Никто там не появлялся.
Ира подошла к крыльцу и оглянулась:
— Не стойте там, Герман, идите сюда. Там опасно стоять.
— Я же бестолочь, — совсем по-детски буркнул он, и ему самому стало стыдно.
Плохо это или хорошо, но он был у цели. Даже если прямо сейчас неуклонно и безвозвратно терял здоровье.
«Нам отпущено Всевышним только то, что в рамках срока…»[25]
В конце концов послали его именно сюда. И он согласился.
Так за чем дело стало?
Приказано — сделано.
Ира уже открывала дверь подъезда с фанеркой вверху вместо выбитого стекла. Извиняться за «бестолочь» она явно не собиралась. Не та нынче пошла молодежь. А может, на самом деле считала его бестолочью. Гридин нащупал в кармане пистолет и направился к ноздреватой бетонной плите, заменявшей крыльцо. Девушка поджидала его, придерживая дверь с провисшей пружиной.
— Значит, говоришь, все вопросы отпадут? — спросил он, делая шаг на плиту.
Если Ира и собиралась ответить, то не успела. Дверь мгновенно вспыхнула, возникла на ее месте огненная стена, и Герман, прикрыв лицо рукой от нестерпимого жара, отпрыгнул назад.
У него все оборвалось внутри в ожидании истошного крика. Но вместо крика сгорающего заживо человека раздался все тот же раздраженный и возмущенный голос:
— Да что вы, в самом деле! Это все иллюзии, Герман, иллюзии! Химеры воображения…
— А что я нос себе обжег — тоже иллюзии? — огрызнулся тут же восстановивший душевное равновесие Герман, глядя на странное бесшумное и бездымное пламя.
— Ничего вы не обожгли, это вам показалось. Заходите быстрее. Ну, если совсем уж страшно, зажмурьтесь. И вперед!

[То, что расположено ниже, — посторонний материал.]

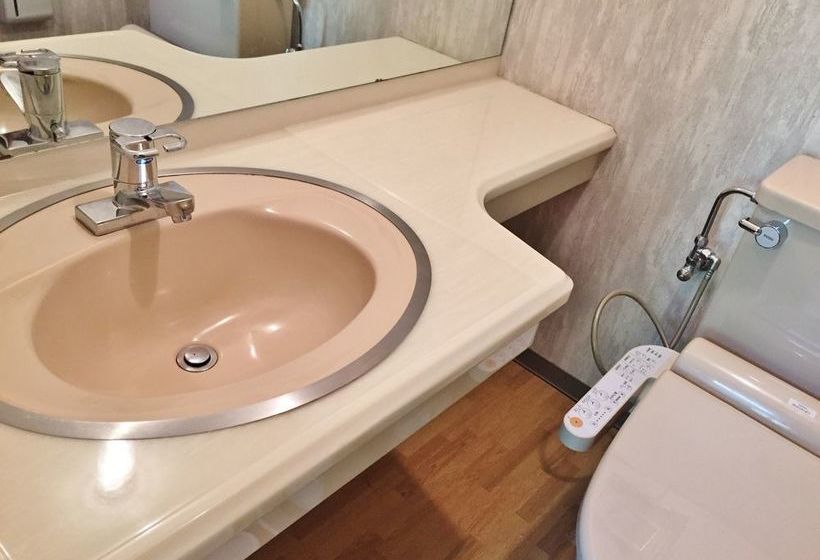 日式旅馆 Taikoban Kam Kam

Это уже ни в какие ворота не лезло. Герман набрал в грудь побольше воздуха и бросился прямо в слабо пошевеливающийся огонь.
«Сквозь химеры воображения», — мелькнуло в голове.
Горячо ему уже не было. Огонь оказался совершенно эфемерным и не причинил никакого вреда. Гридин влетел в подъезд, едва не сбив с ног прижавшуюся к стене девчонку, остановился у ведущих на площадку первого этажа ступеней и оглянулся. Дверь подъезда медленно закрывалась за ним, тоже целая и невредимая. Ира больше не походила на горгону Медузу, хотя лицо ее продолжало оставаться сосредоточенным.
— С прибытием, — сказал она. — Теперь на второй этаж и налево. Девятнадцатая квартира, там табличка.
Гридин смерил ее пристальным взглядом и отрывисто спросил:
— Вооружен?
— Нет.
Она могла и обманывать. Хотя зачем ей его обманывать?
«То-то и оно, — подумал он. — Непонятна ее цель, и сама она непонятна».
— Чего он там сидит? Чего не уходит? Не может?
— Не хочет, — коротко ответила девушка.
Герман хмыкнул. Потом достал «глок» и начал подниматься по сбитым ступеням. Девушка не сразу, но последовала за ним. Однако догонять, видимо, не собиралась.